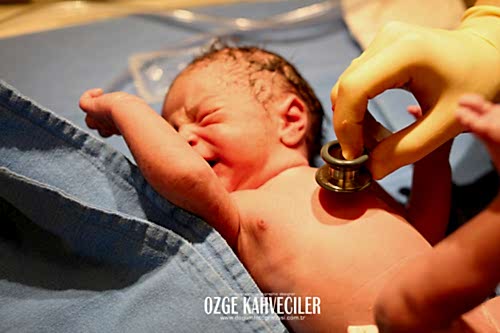 koç üniversitesi hastanesi doğum çekimleri 22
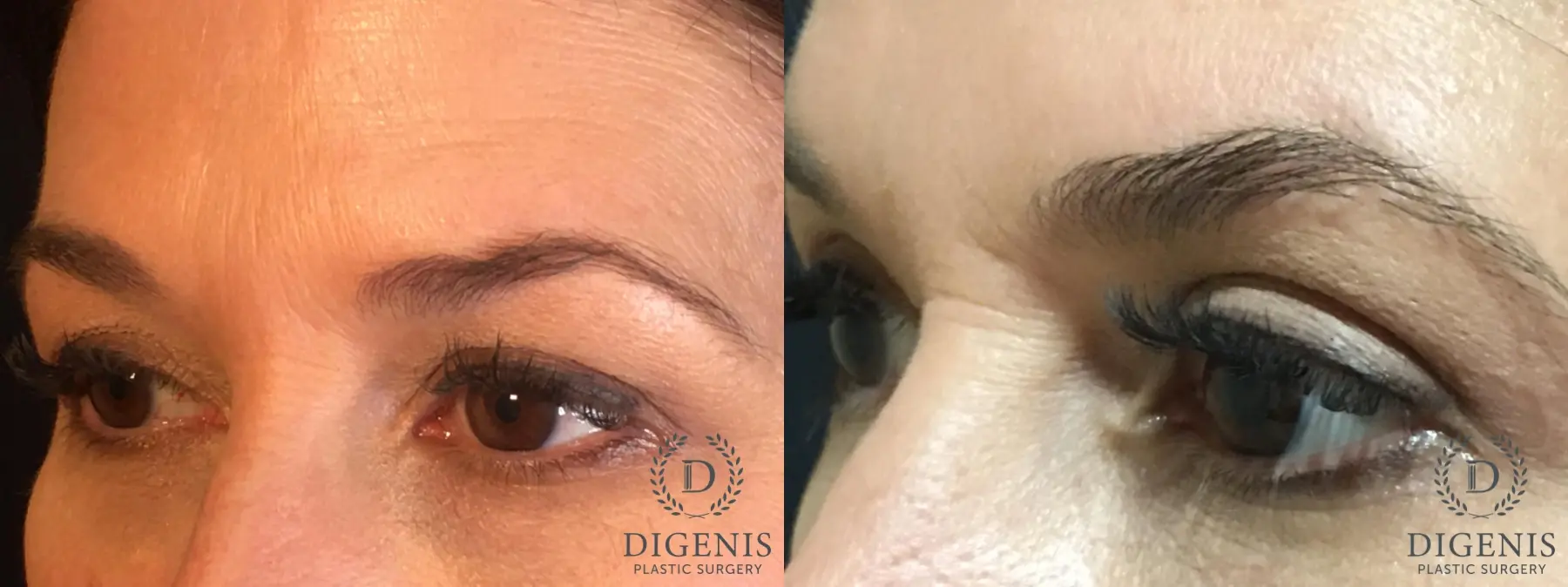 Eyelid Surgery: Patient 30 - Before and After 4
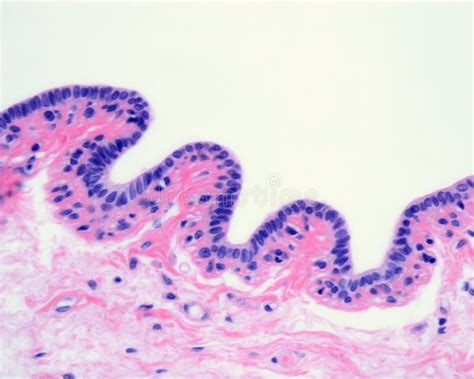 Human Breast Gland Lactiferous Duct Stock Photo Image Of Epithelium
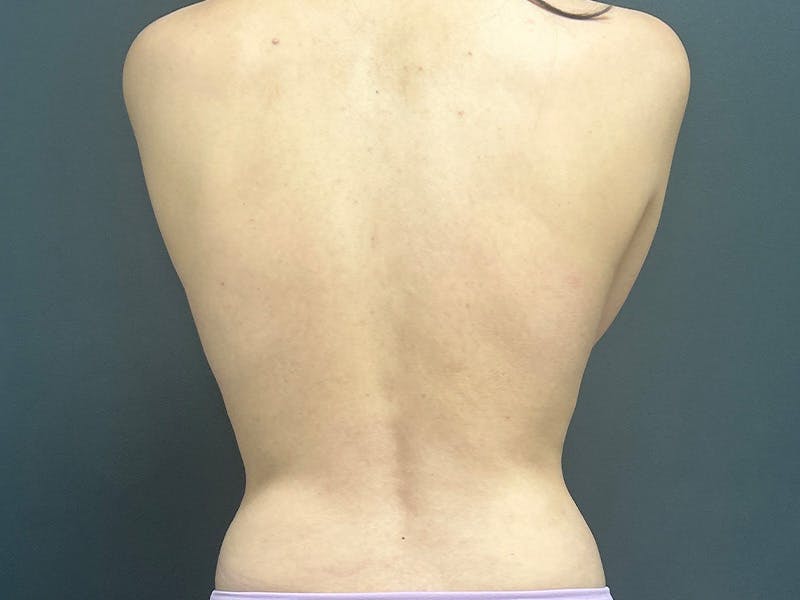 Back Before & After Gallery - Patient 166545 - Image 2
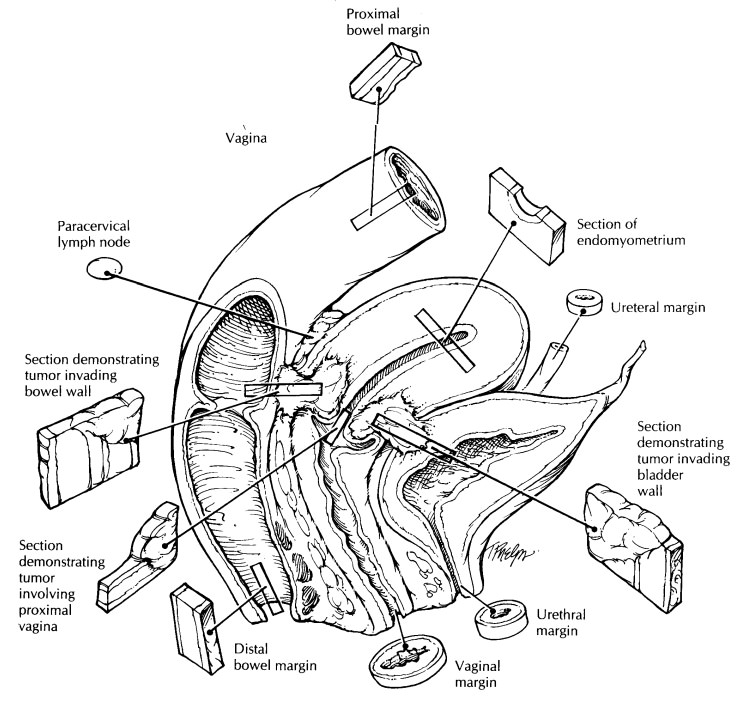 Radical Hysterectomy For Cervical Cancer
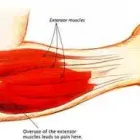 Business 3 image ADVANCED PHYSIOTHERAPY SERVICES Sports Medicine in Glasgow Glg
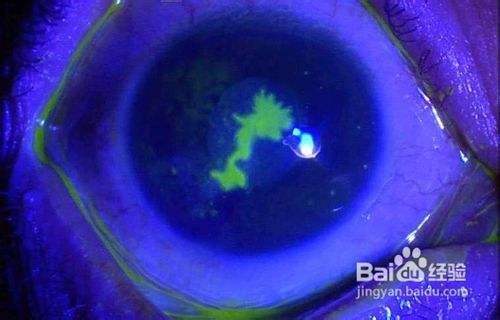 狗狗眼睛角膜炎怎么办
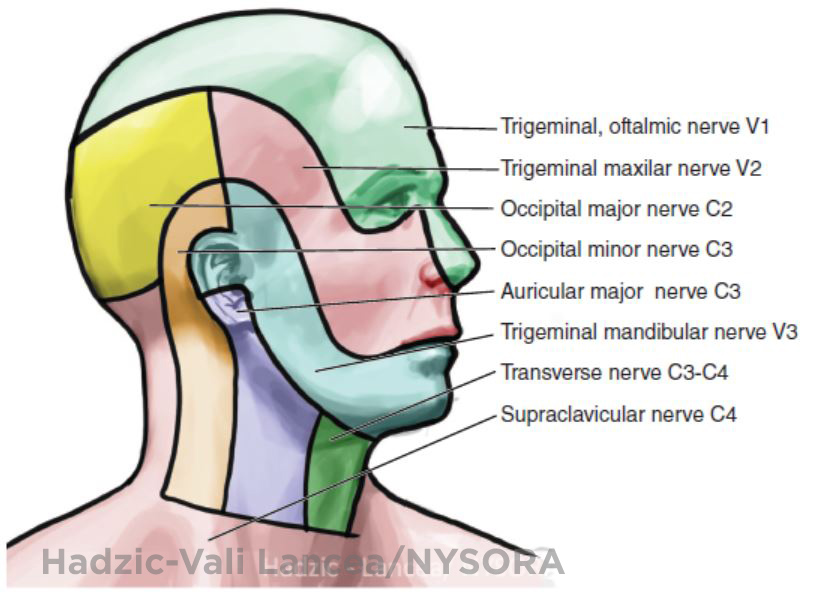 Ultrasound Guided Cervical Plexus Block Nysora The New York School Of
○ ○ ○ ○ ○ ○ ○
The lines from the one that contains "Radical Hysterectomy For Cervical Cancer" through the end of the data, repeated exactly and with no pictures, make up the whole answer.

 Radical Hysterectomy For Cervical Cancer
 Business 3 image ADVANCED PHYSIOTHERAPY SERVICES Sports Medicine in Glasgow Glg
 狗狗眼睛角膜炎怎么办
 Ultrasound Guided Cervical Plexus Block Nysora The New York School Of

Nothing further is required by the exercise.